Extracted data entries
• • • • •
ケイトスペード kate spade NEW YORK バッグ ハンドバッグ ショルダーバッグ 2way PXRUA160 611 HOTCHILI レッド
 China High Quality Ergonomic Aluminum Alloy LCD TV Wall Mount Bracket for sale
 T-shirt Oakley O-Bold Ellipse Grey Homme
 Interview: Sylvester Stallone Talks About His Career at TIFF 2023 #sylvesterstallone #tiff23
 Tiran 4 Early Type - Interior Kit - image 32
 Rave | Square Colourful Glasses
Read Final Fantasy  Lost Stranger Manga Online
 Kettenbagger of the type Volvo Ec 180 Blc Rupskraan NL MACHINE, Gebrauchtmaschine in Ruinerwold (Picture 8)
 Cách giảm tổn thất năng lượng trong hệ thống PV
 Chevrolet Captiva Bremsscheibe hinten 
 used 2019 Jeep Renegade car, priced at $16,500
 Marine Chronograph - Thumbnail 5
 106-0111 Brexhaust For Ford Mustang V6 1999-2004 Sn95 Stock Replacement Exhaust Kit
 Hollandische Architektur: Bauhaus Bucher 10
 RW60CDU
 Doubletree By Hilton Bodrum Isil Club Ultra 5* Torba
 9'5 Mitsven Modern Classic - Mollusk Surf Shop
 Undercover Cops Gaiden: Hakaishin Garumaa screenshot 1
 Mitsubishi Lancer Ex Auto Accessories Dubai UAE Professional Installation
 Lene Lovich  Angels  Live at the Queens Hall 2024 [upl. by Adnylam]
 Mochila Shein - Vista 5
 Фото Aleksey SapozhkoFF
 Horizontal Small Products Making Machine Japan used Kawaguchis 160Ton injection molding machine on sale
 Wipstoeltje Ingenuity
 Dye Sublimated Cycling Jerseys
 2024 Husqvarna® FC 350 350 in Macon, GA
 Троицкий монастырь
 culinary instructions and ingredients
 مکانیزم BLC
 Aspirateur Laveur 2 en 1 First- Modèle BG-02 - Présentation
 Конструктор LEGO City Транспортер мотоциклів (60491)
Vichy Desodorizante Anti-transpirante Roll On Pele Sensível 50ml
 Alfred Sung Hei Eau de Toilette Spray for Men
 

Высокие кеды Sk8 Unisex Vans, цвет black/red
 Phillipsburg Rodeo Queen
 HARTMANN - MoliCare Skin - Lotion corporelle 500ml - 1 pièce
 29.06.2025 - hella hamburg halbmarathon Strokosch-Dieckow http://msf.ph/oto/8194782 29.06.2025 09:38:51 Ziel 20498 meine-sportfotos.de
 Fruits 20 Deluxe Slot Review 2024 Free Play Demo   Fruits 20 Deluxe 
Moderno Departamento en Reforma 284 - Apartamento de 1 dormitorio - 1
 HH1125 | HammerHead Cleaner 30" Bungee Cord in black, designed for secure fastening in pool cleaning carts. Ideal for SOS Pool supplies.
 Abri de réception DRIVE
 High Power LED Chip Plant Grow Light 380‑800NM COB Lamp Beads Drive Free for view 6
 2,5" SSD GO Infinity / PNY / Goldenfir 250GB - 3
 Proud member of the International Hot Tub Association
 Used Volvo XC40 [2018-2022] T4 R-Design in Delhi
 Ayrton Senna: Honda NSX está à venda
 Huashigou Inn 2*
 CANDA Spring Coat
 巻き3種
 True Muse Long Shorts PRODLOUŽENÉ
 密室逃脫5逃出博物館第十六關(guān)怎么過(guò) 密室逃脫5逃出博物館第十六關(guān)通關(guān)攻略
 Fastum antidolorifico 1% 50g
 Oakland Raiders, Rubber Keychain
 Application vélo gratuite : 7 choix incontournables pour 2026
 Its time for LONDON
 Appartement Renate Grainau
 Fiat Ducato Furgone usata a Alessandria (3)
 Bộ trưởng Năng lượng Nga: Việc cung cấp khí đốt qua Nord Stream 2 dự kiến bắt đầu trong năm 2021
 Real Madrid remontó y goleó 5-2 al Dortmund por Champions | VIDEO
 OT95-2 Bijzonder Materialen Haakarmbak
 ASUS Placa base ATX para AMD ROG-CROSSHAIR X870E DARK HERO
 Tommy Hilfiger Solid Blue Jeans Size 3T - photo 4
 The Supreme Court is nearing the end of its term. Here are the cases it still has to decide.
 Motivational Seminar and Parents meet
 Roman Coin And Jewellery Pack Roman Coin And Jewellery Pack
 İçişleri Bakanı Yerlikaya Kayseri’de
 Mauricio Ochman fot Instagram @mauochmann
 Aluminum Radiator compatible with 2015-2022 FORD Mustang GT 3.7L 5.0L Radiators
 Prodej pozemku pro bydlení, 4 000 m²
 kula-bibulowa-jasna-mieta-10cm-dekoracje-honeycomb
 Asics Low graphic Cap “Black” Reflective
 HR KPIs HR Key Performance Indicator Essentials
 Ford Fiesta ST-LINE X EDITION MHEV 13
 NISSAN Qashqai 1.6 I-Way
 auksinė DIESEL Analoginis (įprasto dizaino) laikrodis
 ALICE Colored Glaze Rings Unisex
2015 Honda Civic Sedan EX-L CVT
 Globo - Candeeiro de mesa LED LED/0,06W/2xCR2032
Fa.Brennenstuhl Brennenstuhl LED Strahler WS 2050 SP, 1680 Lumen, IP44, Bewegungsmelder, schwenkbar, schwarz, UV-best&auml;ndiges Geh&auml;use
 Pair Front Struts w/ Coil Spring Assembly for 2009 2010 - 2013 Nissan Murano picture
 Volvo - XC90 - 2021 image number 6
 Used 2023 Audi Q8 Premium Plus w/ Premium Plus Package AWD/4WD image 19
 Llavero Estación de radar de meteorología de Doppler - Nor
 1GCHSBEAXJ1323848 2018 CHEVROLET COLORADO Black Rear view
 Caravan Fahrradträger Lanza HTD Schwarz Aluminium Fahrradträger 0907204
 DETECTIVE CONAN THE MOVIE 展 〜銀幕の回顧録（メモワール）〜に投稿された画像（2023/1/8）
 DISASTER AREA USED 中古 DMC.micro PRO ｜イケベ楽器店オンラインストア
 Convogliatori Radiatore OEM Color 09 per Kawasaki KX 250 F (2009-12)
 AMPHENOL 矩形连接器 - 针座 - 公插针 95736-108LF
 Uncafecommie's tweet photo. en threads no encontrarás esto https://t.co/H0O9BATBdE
• • • • •
_What to produce_: From the records above, pull out every line containing the word "trong".

_Answer for the task_:
 Cách giảm tổn thất năng lượng trong hệ thống PV
 Bộ trưởng Năng lượng Nga: Việc cung cấp khí đốt qua Nord Stream 2 dự kiến bắt đầu trong năm 2021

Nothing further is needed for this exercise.